Reproduce, please, only the lines from the first line below to the line containing "Harbor Treats Schnauzer Graphic T-Shirt", inclusive.

Material provided:
----

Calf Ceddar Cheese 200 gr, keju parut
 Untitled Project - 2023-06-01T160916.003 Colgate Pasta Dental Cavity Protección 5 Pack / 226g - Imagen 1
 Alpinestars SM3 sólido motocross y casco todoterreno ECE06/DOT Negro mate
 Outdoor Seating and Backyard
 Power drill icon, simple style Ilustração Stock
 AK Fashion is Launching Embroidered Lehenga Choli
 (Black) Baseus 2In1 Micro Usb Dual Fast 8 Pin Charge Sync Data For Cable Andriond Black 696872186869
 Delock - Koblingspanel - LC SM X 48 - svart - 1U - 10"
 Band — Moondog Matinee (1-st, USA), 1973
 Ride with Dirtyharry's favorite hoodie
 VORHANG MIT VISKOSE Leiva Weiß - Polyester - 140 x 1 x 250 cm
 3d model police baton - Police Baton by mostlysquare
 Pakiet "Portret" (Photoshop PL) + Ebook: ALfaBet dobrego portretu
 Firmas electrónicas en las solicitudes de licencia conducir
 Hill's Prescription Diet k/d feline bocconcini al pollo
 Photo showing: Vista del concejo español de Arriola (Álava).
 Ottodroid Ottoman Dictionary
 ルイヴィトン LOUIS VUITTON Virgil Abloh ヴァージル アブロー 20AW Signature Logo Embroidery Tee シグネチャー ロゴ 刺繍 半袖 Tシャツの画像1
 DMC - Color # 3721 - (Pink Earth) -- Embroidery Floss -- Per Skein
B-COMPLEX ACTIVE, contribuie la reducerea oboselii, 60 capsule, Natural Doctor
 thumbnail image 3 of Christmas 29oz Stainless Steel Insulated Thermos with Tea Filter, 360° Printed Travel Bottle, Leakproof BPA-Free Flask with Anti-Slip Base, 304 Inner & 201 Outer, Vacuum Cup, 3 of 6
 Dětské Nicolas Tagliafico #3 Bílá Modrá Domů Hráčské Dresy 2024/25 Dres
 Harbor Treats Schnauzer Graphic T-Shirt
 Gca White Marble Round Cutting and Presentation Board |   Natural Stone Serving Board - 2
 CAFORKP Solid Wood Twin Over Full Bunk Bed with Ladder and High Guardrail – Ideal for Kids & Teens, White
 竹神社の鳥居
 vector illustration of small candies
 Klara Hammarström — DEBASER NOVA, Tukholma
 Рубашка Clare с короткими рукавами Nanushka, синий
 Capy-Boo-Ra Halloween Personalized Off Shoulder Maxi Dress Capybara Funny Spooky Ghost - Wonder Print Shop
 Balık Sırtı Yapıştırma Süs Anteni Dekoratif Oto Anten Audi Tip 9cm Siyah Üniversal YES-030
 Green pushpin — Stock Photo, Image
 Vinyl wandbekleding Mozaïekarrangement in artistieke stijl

----

Completed exercise:
Calf Ceddar Cheese 200 gr, keju parut
 Untitled Project - 2023-06-01T160916.003 Colgate Pasta Dental Cavity Protección 5 Pack / 226g - Imagen 1
 Alpinestars SM3 sólido motocross y casco todoterreno ECE06/DOT Negro mate
 Outdoor Seating and Backyard
 Power drill icon, simple style Ilustração Stock
 AK Fashion is Launching Embroidered Lehenga Choli
 (Black) Baseus 2In1 Micro Usb Dual Fast 8 Pin Charge Sync Data For Cable Andriond Black 696872186869
 Delock - Koblingspanel - LC SM X 48 - svart - 1U - 10"
 Band — Moondog Matinee (1-st, USA), 1973
 Ride with Dirtyharry's favorite hoodie
 VORHANG MIT VISKOSE Leiva Weiß - Polyester - 140 x 1 x 250 cm
 3d model police baton - Police Baton by mostlysquare
 Pakiet "Portret" (Photoshop PL) + Ebook: ALfaBet dobrego portretu
 Firmas electrónicas en las solicitudes de licencia conducir
 Hill's Prescription Diet k/d feline bocconcini al pollo
 Photo showing: Vista del concejo español de Arriola (Álava).
 Ottodroid Ottoman Dictionary
 ルイヴィトン LOUIS VUITTON Virgil Abloh ヴァージル アブロー 20AW Signature Logo Embroidery Tee シグネチャー ロゴ 刺繍 半袖 Tシャツの画像1
 DMC - Color # 3721 - (Pink Earth) -- Embroidery Floss -- Per Skein
B-COMPLEX ACTIVE, contribuie la reducerea oboselii, 60 capsule, Natural Doctor
 thumbnail image 3 of Christmas 29oz Stainless Steel Insulated Thermos with Tea Filter, 360° Printed Travel Bottle, Leakproof BPA-Free Flask with Anti-Slip Base, 304 Inner & 201 Outer, Vacuum Cup, 3 of 6
 Dětské Nicolas Tagliafico #3 Bílá Modrá Domů Hráčské Dresy 2024/25 Dres
 Harbor Treats Schnauzer Graphic T-Shirt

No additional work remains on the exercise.